THE TASK —
Only the lines below from the one with "Rock & Republic" through the one with "Houndstooth Print Button" are to be written out, exactly and without any images.

RECORDS TO PROCESS —
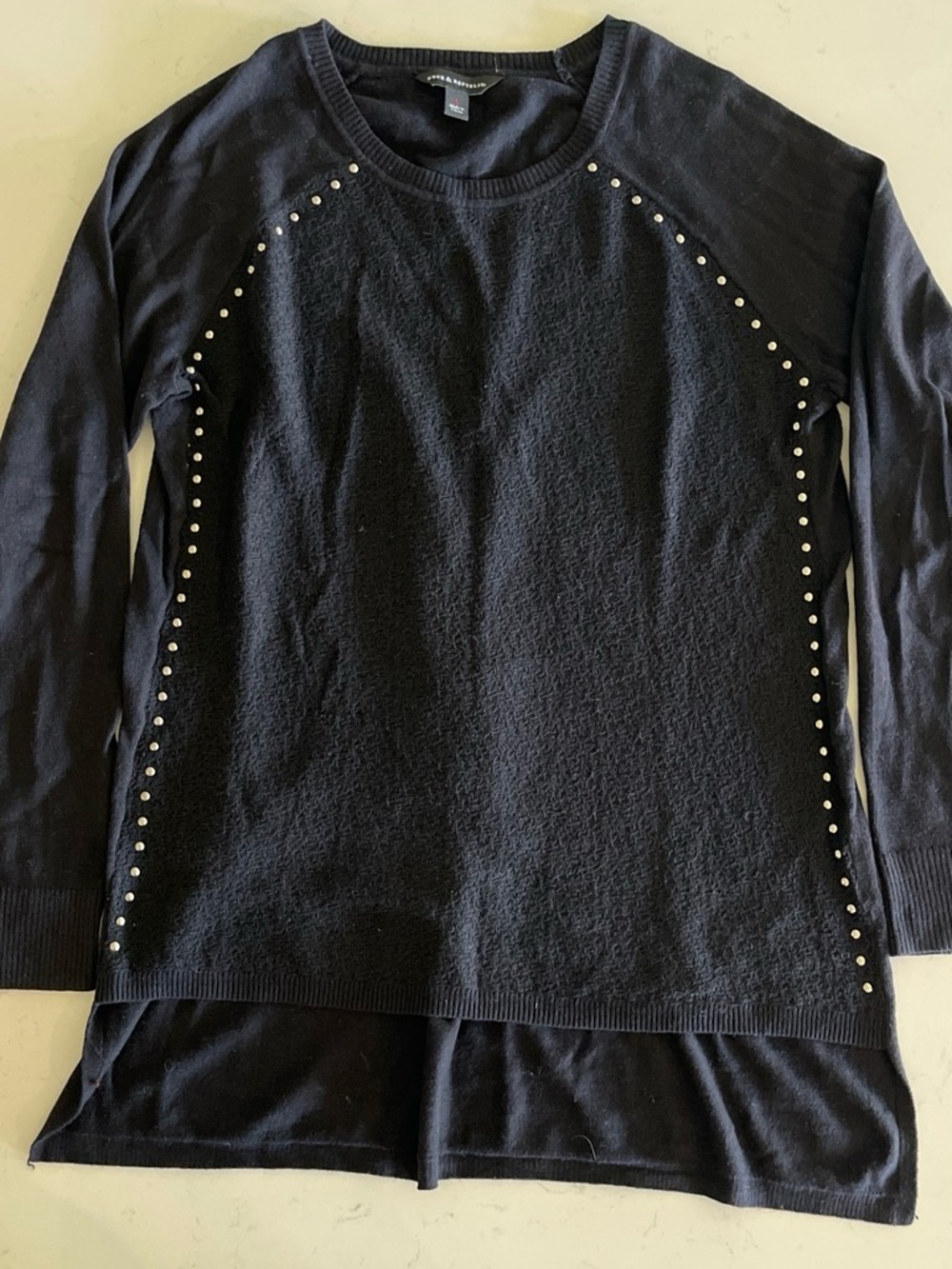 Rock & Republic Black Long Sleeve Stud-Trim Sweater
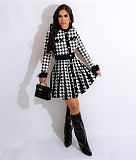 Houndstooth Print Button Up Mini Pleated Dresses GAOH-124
==
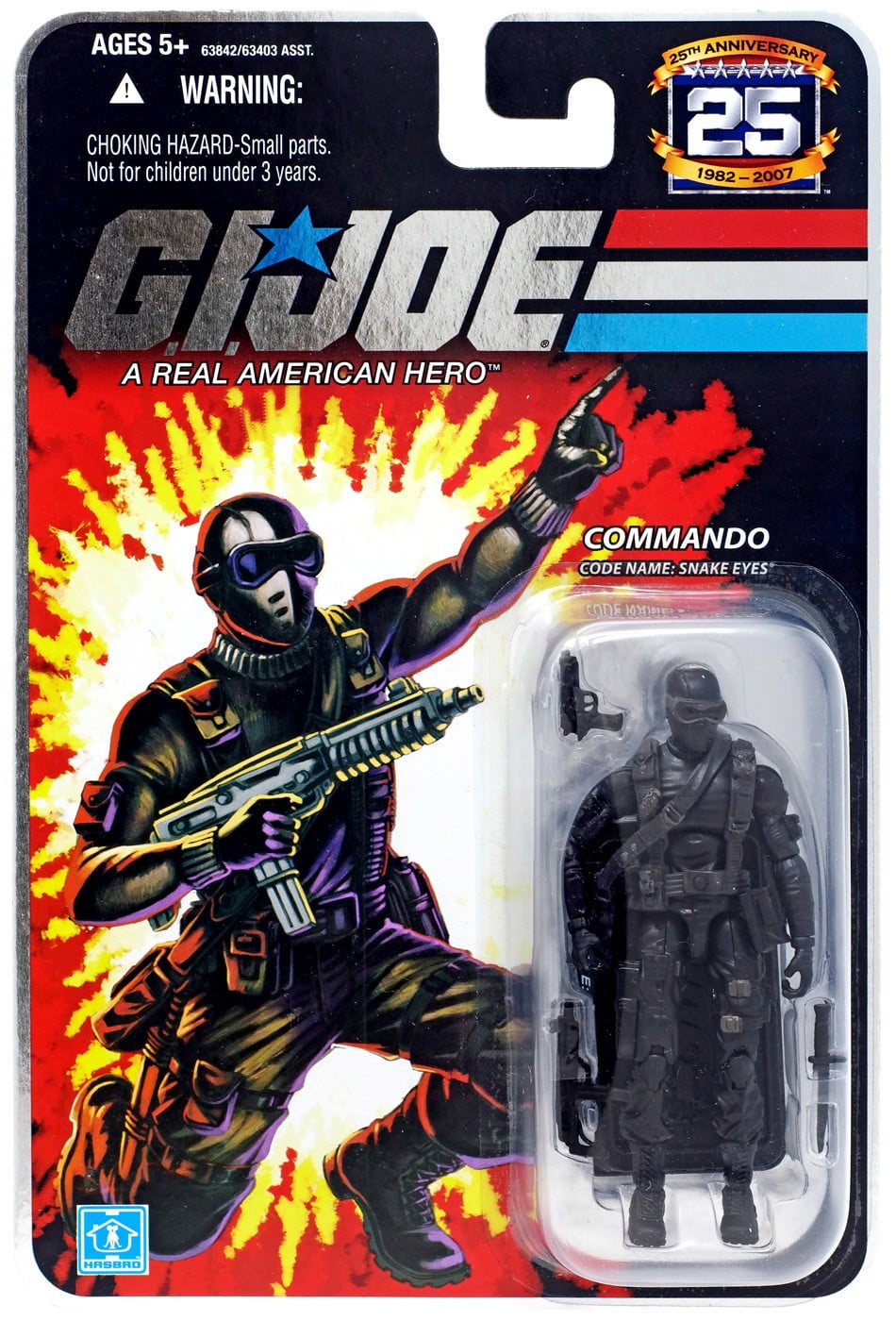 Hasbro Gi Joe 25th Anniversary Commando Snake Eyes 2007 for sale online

EXERCISE ANSWER —
 Rock & Republic Black Long Sleeve Stud-Trim Sweater
 Houndstooth Print Button Up Mini Pleated Dresses GAOH-124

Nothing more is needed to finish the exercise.